** Extracted material follows **
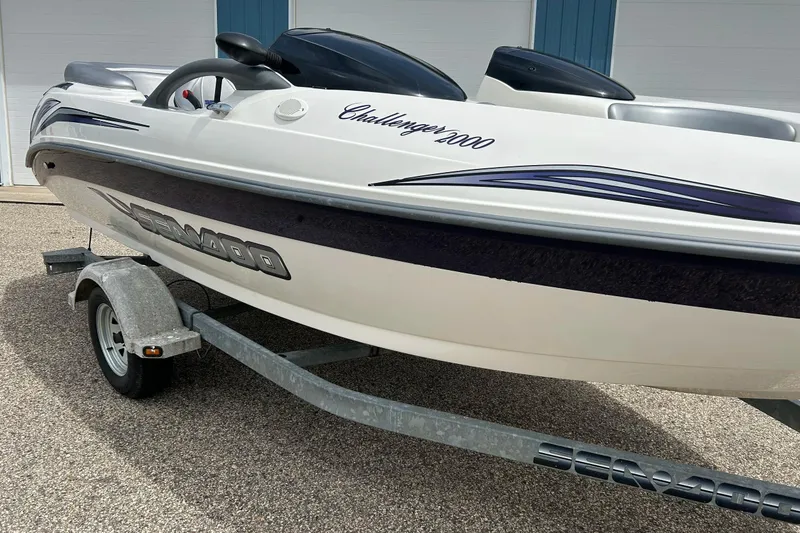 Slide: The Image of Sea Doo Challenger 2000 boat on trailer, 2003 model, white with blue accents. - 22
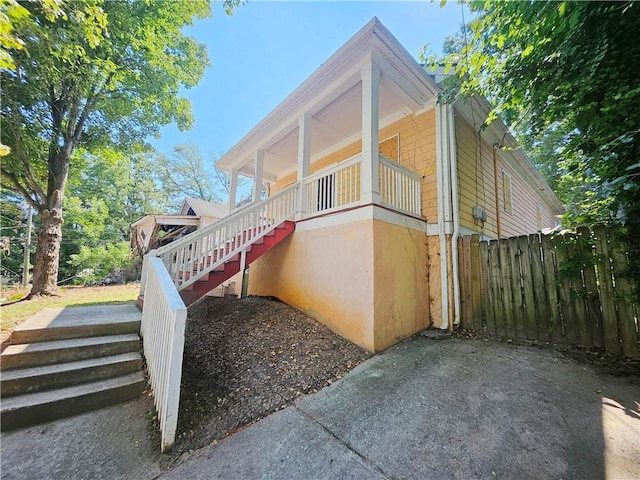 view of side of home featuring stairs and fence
** End of Extracted material **
** Extracted material follows **
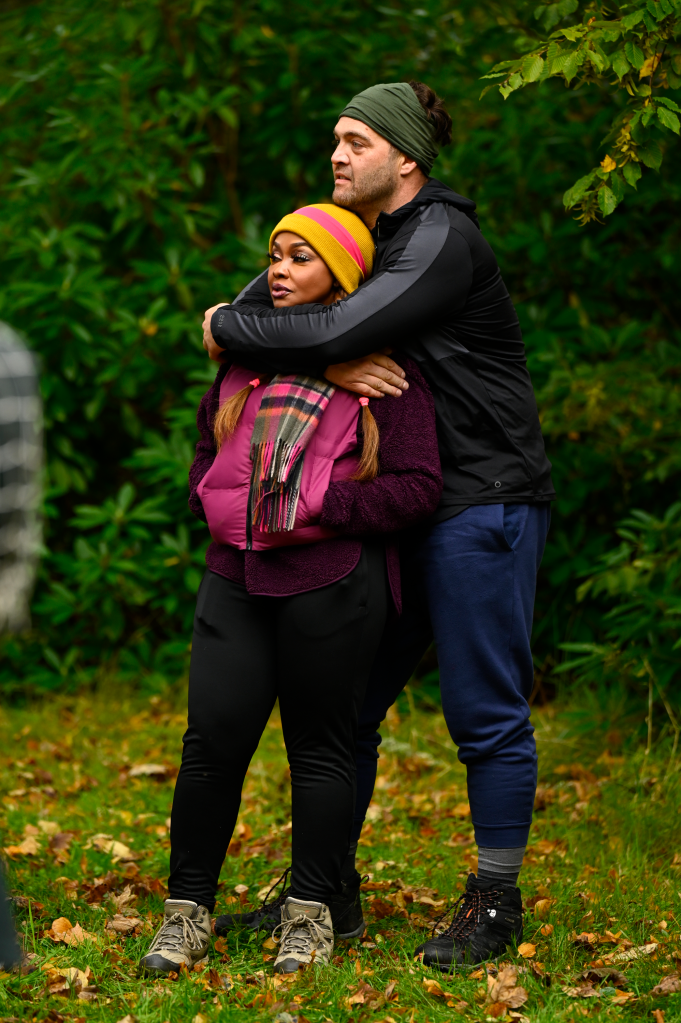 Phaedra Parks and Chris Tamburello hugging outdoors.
** End of Extracted material **
*Problem to work on*: Take the material above from the line bearing "Slide: The Image" through the line bearing "view of side" and write it out exactly, both end lines included. Pictures stay out.

*Result for this task*:
 Slide: The Image of Sea Doo Challenger 2000 boat on trailer, 2003 model, white with blue accents. - 22
 view of side of home featuring stairs and fence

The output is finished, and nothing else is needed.